-------- Provided records --------

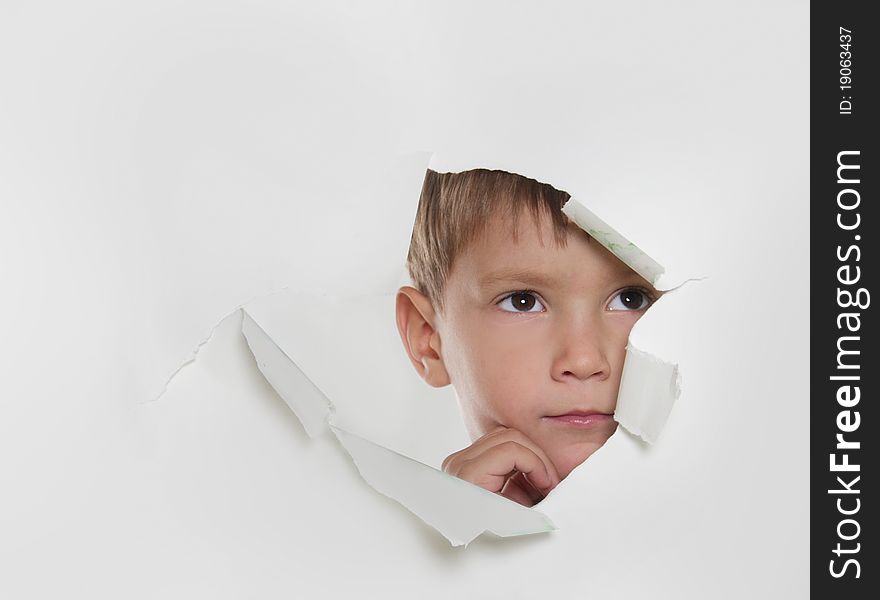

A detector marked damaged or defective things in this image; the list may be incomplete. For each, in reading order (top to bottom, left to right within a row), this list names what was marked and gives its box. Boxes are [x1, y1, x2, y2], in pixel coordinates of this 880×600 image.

torn paper hole [239, 308, 556, 548]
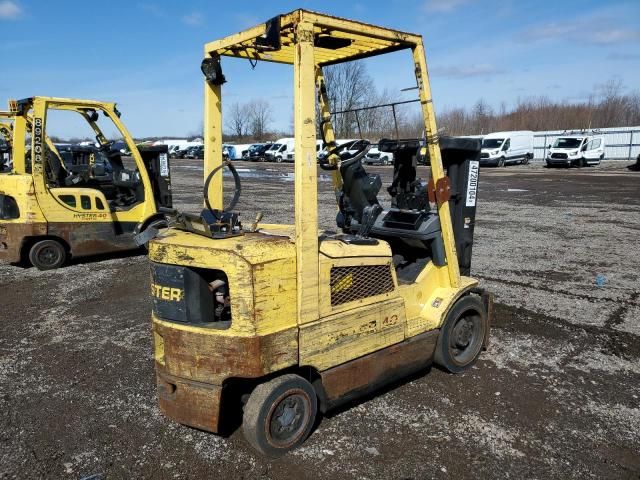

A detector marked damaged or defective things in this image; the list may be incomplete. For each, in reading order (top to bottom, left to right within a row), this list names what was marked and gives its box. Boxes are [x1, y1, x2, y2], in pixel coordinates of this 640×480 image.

rusted metal panel [0, 221, 46, 262]
rusty yellow forklift [0, 97, 172, 270]
chipped paint on forklift [0, 98, 172, 270]
rusty yellow forklift [148, 9, 492, 456]
chipped paint on forklift [148, 9, 492, 456]
rusted metal panel [156, 366, 222, 434]
rusted metal panel [154, 320, 298, 384]
rusted metal panel [316, 330, 438, 412]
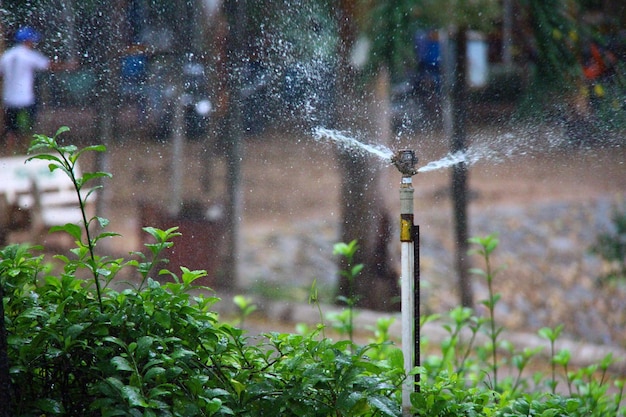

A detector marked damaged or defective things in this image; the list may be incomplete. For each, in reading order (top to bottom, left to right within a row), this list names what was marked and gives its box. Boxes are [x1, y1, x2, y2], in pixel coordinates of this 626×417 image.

rusty pipe joint [392, 149, 416, 176]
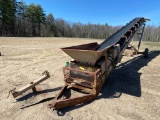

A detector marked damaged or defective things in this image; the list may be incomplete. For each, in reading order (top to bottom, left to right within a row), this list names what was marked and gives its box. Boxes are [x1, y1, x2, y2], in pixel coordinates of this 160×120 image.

rusty machinery [10, 17, 150, 110]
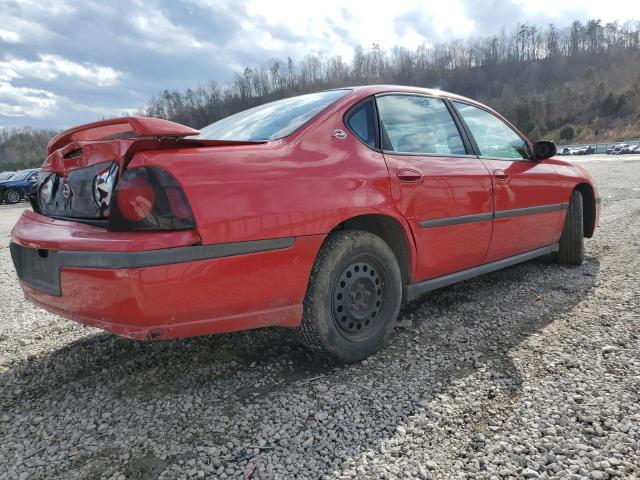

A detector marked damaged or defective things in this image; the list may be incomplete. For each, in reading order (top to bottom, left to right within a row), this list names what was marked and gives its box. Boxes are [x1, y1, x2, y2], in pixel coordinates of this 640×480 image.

broken taillight [107, 166, 195, 232]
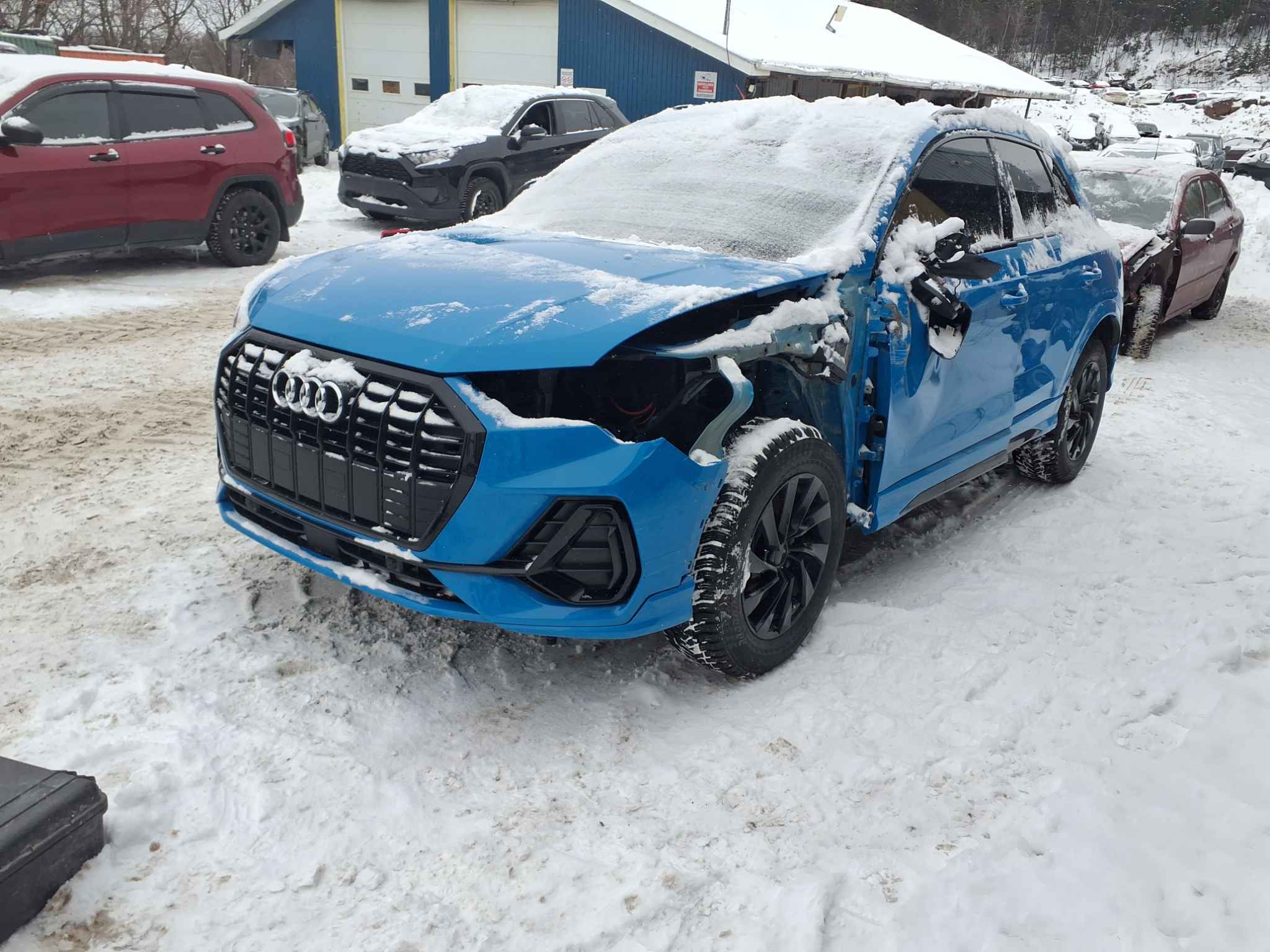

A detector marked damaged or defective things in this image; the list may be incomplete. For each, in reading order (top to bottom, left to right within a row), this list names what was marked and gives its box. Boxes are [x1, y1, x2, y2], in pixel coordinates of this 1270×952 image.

--------

Task instructions: Leave out all pictures, then copy the remaining material exactly.

Answer to the problem:
A detector marked damaged or defective things in this image; the list may be incomplete. For each, in reading order (top to bottom, left to right within a row), this list names what was marked and gives its box. Boxes are [x1, y1, x2, y2], in pixel coordinates of this 880×600 image.

torn paper hole [239, 308, 556, 548]

A detector marked damaged or defective things in this image; the list may be incomplete. For each, in reading order (top to bottom, left to right within a row), this list names what was marked and gives its box. Boxes are [x1, y1, x2, y2], in pixel coordinates of this 640×480 image.

rusted metal panel [0, 221, 46, 262]
rusty yellow forklift [0, 97, 172, 270]
chipped paint on forklift [0, 98, 172, 270]
rusty yellow forklift [148, 9, 492, 456]
chipped paint on forklift [148, 9, 492, 456]
rusted metal panel [156, 366, 222, 434]
rusted metal panel [154, 320, 298, 384]
rusted metal panel [316, 330, 438, 412]

A detector marked damaged or defective things in this image; the list may be incomplete. For each, in reading order (top to bottom, left to right within a row), this list names what was marked and gives its box. Boxes are [x1, y1, x2, y2], in pixel coordinates of this 626×417 image.

rusty pipe joint [392, 149, 416, 176]

A detector marked damaged or defective things in this image; the list may be incomplete. For each, in reading order (top to bottom, left to right within a row), this list names what was marked and gives its box. Boxes are [x1, y1, x2, y2], in pixel coordinates of this 160×120 image.

rusty machinery [10, 17, 150, 110]

A detector marked damaged or defective things in this image; the list may be incomplete. For each, in reading order (top to bottom, left to right within a row), this list names what was marked and gives its box. Boxes are [x1, y1, x2, y2], in pixel coordinates of this 640×480 image.

broken taillight [107, 166, 195, 232]

A detector marked damaged or defective things in this image; the list may be incomplete. For each, in reading order (top to bottom, left to right within a row), this list names what was marked and gives its box. Boxes are [x1, y1, x2, y2], in pixel coordinates of this 1270×952 image.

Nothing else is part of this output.